Björk, en la Red Bull Music Academy, celebrada el pasado octubre en Montreal.
Björk, en la Red Bull Music Academy, celebrada el pasado octubre en Montreal. Santiago Felipe (Red Bull Content Pool)
Iker Seisdedos

B JÖRK es de esa rara clase de personas a las que les sienta bien una buena resaca. O tal vez sea Montreal a finales de octubre lo que la pone de buen humor. La cantante de pop más famosa de Islandia está sentada en el improvisado camerino de un centro cultural de la ciudad ante un cesto de fruta, tanta agua como para una semana y algo más bien pardusco que ella llama café. Lleva en la ciudad canadiense dos días –“¡frenéticos!”, exclama–, tiempo suficiente para pinchar dos noches seguidas, inaugurar una exposición de sus vídeos en realidad virtual, dar una charla para aspirantes a estrellas del techno y dejarse lo mejor para el final: un pequeño muestrario de la prensa internacional, cuyo interés por ella permanece intacto 23 años después de que el mundo la descubriese como una intérprete en solitario, capaz de conjugar vanguardia y listas de éxitos en la misma frase.

Anoche, una cosa llevó a la otra y terminó a las cuatro de la madrugada. No está mal, si tenemos en cuenta que Björk Guðmundsdóttir acaba de cumplir 51 años y aún es “la peor disc-jockey de la historia”, según su propia definición. La diva ofreció en la imponente sede del Cirque Éloize, compañía local de circo de vanguardia, el mismo ritual un punto exasperante que oficia con frecuencia en un garito de su Reikiavik natal: meter ruido, cortar las canciones, mezclarlas peor que el beicon y el helado, y hacer que a un lamento minimalista del compositor estonio Arvo Pärt siga ¡una de Abba!

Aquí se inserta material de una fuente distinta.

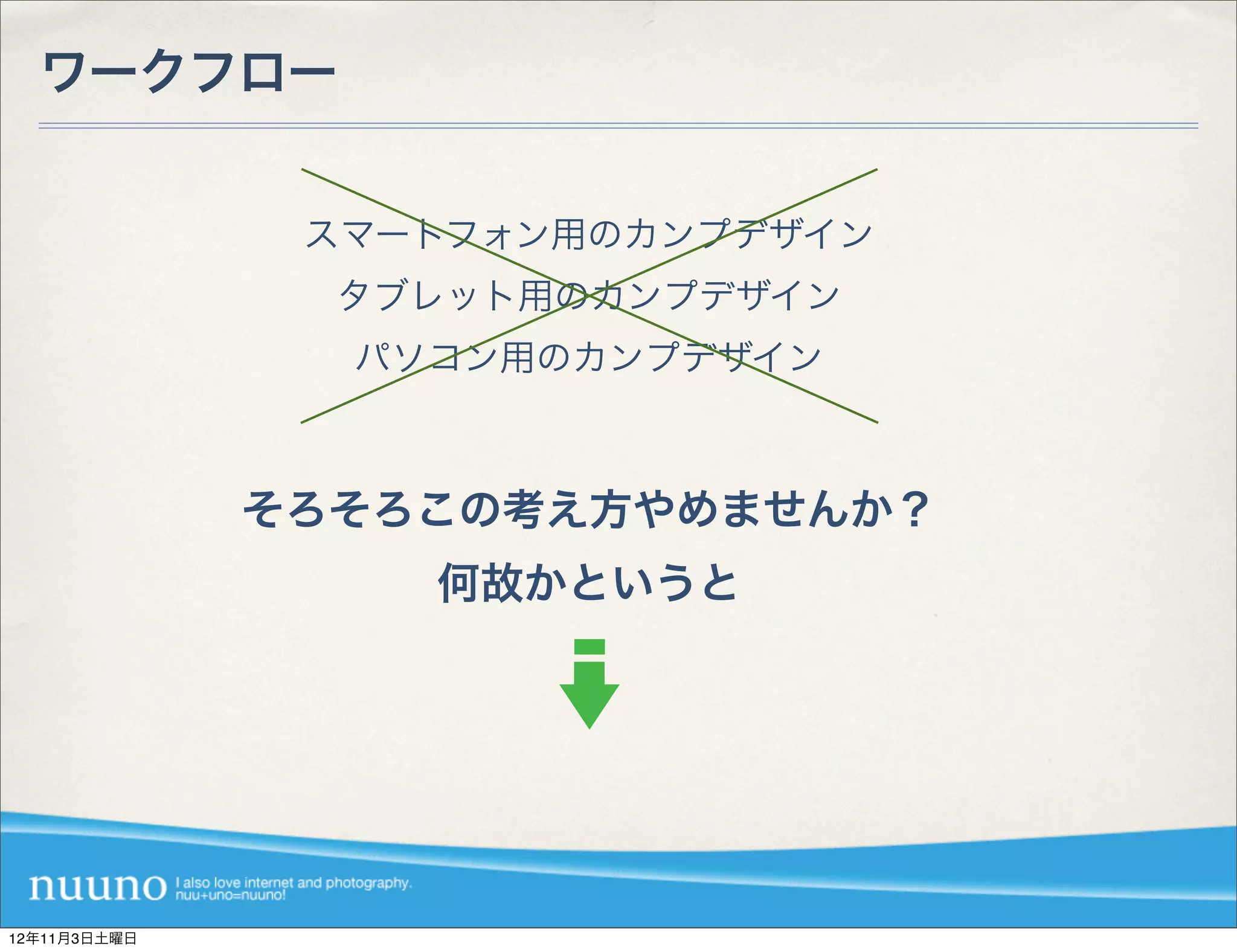 ワークフロー


               スマートフォン用のカンプデザイン
                タブレット用のカンプデザイン
                パソコン用のカンプデザイン



              そろそろこの考え方やめませんか？
                  何故かというと




12年11月3日土曜日
 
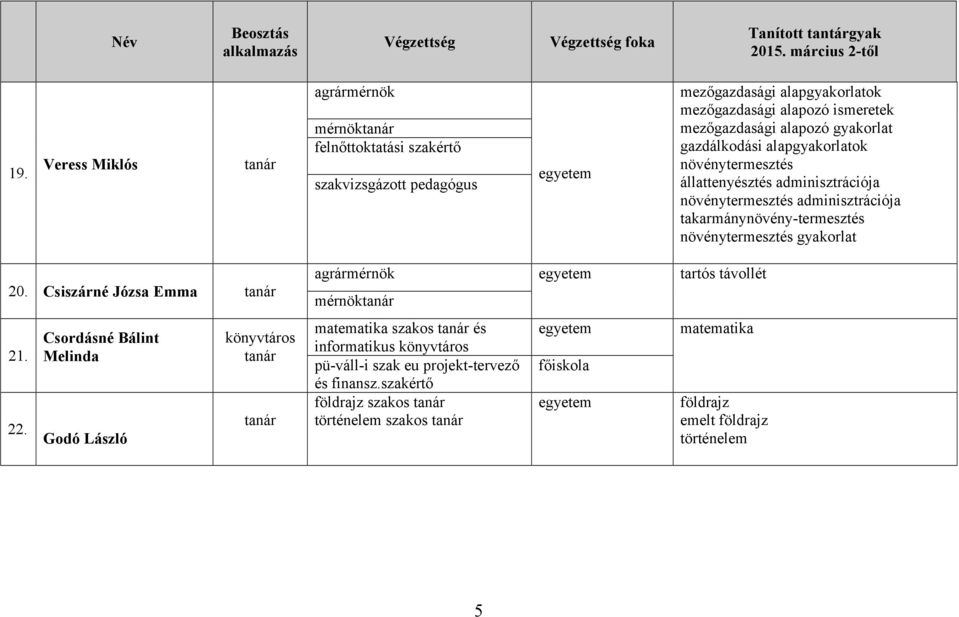 gazdálkodási alapgyakorlatok növénytermesztés állattenyésztés adminisztrációja növénytermesztés adminisztrációja takarmánynövény-termesztés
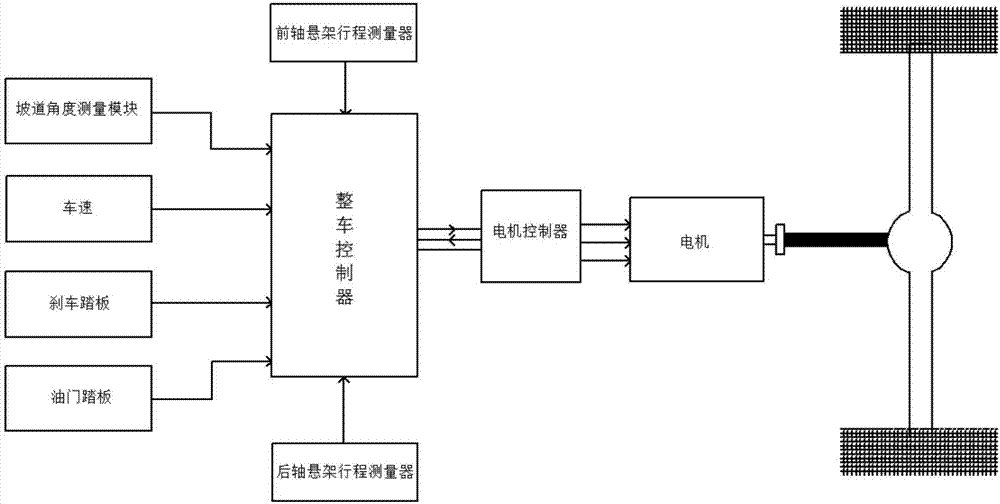 Hill-hold control system of electric vehicle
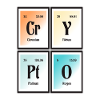 Crypto - Periodensystem der Elemente.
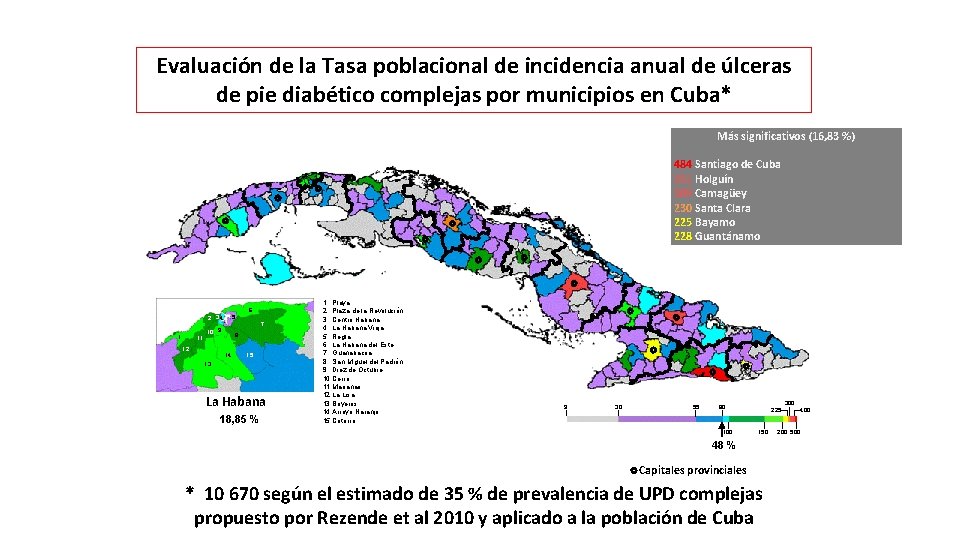 Evaluación de la Tasa poblacional de incidencia anual de úlceras de pie diabético complejas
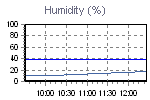 Humidity Graph Thumbnail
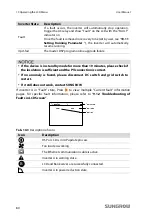 Предварительный просмотр 90 страницы Sungrow SG10KTL-EC User Manual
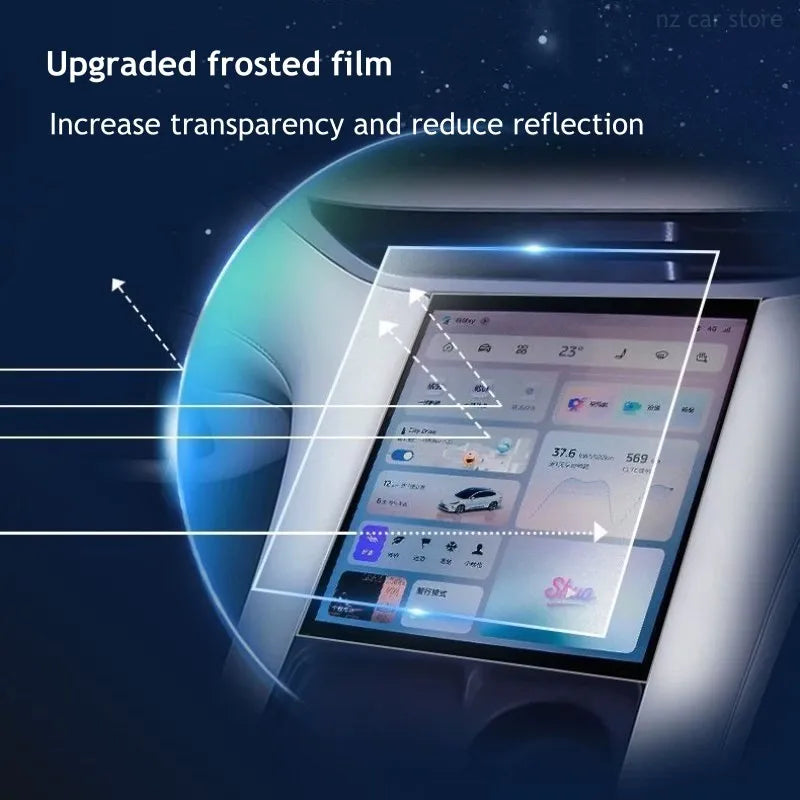 For MG IM5 IM6 LS7 L7 L6 LS6 2026 2025 Tempered Screen Protector Film Dashboard Accessories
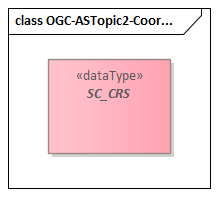 OGC-ASTopic2-CoordinateReferenceSystems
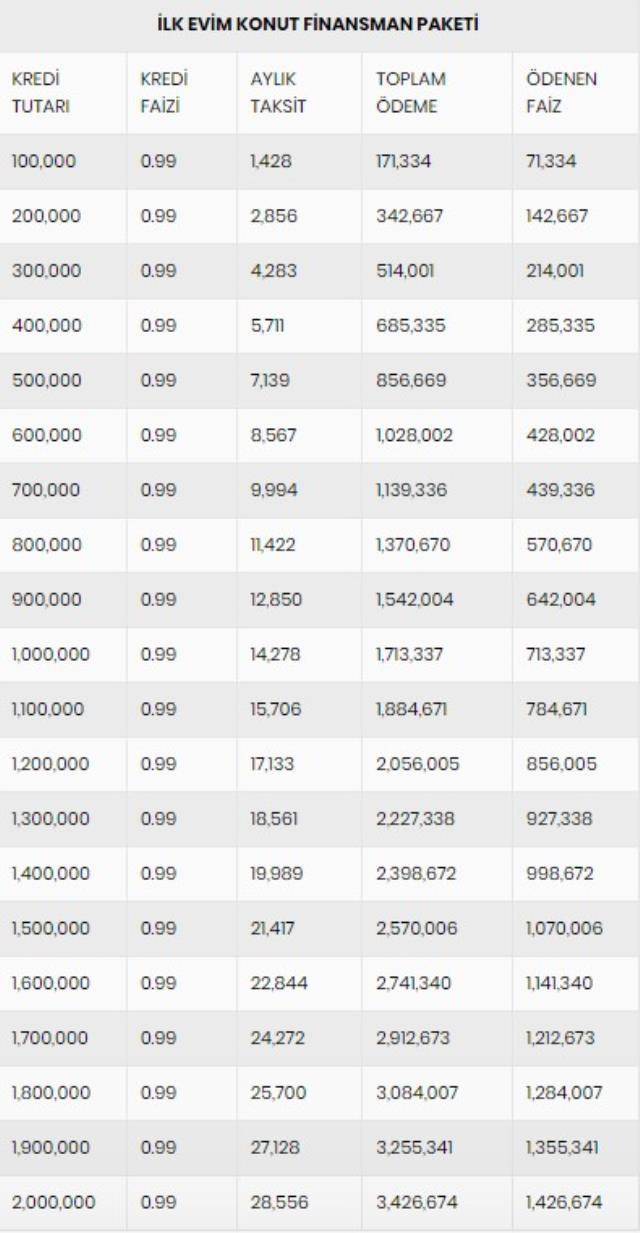 Faizler 0,89 ve 0,99'a indi! İşte yeni kredi paketiyle konut alacakların aylık ödeyecekleri taksitler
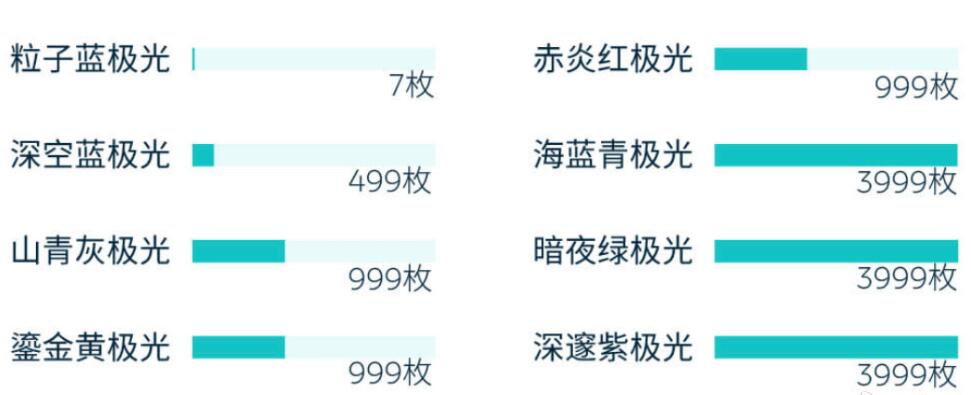 Nio issues first NFTs, but only for employees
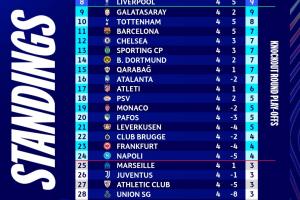 英超的含金量！英超6隊(duì)歐冠平均排名第7，其余四大聯(lián)賽至高14.75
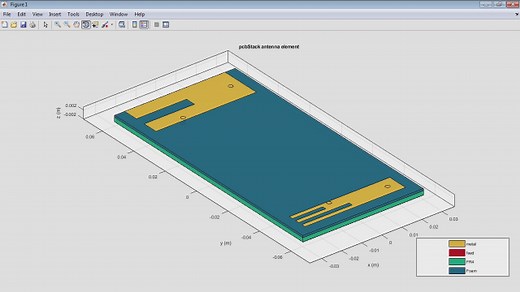PCB Antenna Design, Simulation, and Fabrication with MATLAB
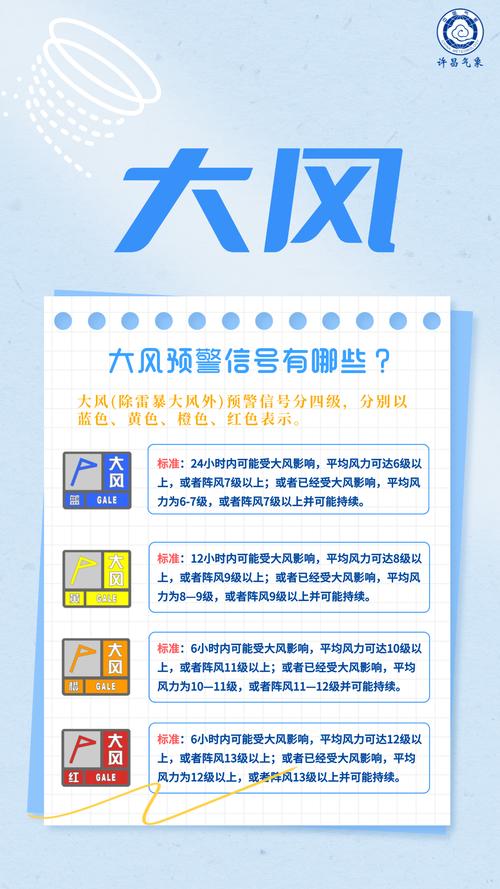 北京大风,北京的大风是什么原因造成的?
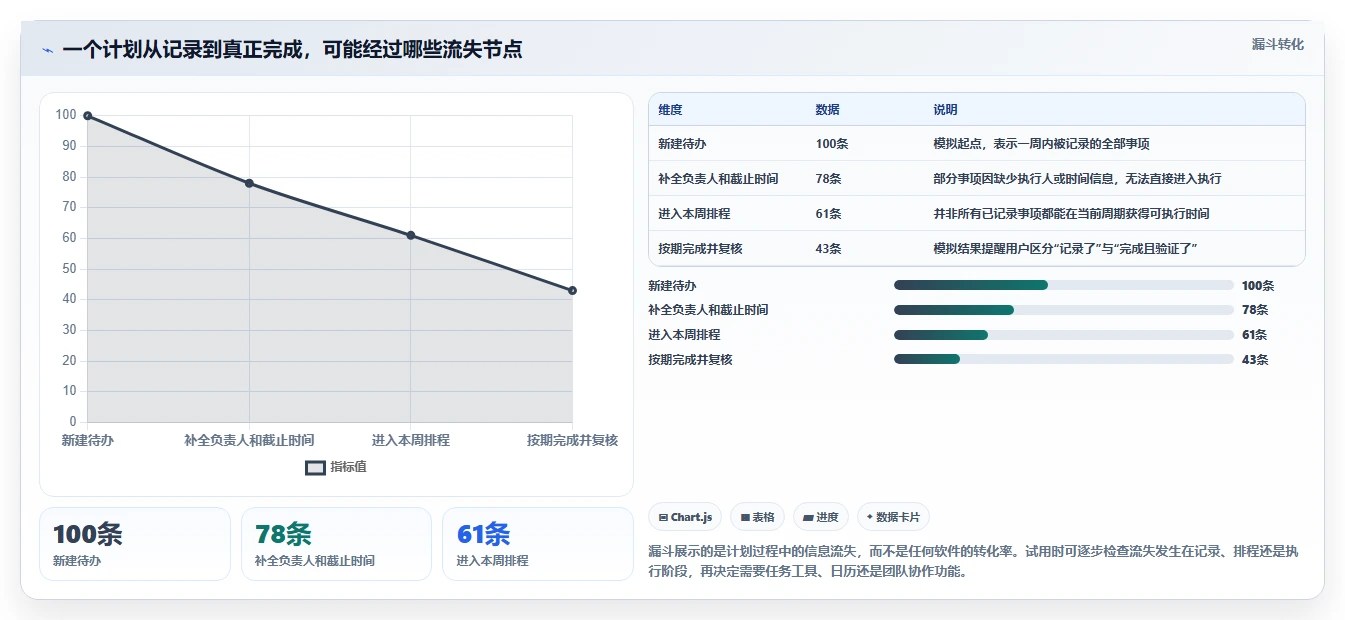 2026 年最值得关注的 8 大做计划的软件推荐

Björk, en la Red Bull Music Academy, celebrada el pasado octubre en Montreal.

Pese a que en sus apariciones públicas de estos días ha lucido un aparatoso traje con hombreras en arabesco y ha escondido su rostro tras una máscara de encaje (como respuesta “a este mundo en el que todos tienen una cámara y quieren un selfie” en su compañía), la cantante, eternamente joven, se presenta a la cita descubierta y con un atuendo sencillo: vestido de punto negro a juego con una raya de ojos tan ancha como un dedo índice. Tiene ganas de hablar, aunque los temas excedan al mero ejercicio promocional. “Voy a usar esta entrevista para mandar un mensaje, ¿me dejas?”, dice a mitad de la charla. “Es para los propietarios de las 10 compañías más poderosas de Silicon Valley. Les quiero pedir que inviertan mil millones de dólares cada uno en limpiar los océanos. ¿Qué son mil millones para ellos? Si pueden construir uno de estos”, continúa señalando su reluciente iPhone7, “pueden hacer algo por el medio ambiente. Es urgente. Tenemos que acabar con los combustibles fósiles, limpiar los océanos y combatir el calentamiento global”.

Pero antes de lanzarnos a tratar su agenda climática, vendría bien un poco de contexto.

Mayores compañías de silicon valley que inviertan mil millones de dólares cada una en limpiar los océanos. ES ALGO URGENTE”.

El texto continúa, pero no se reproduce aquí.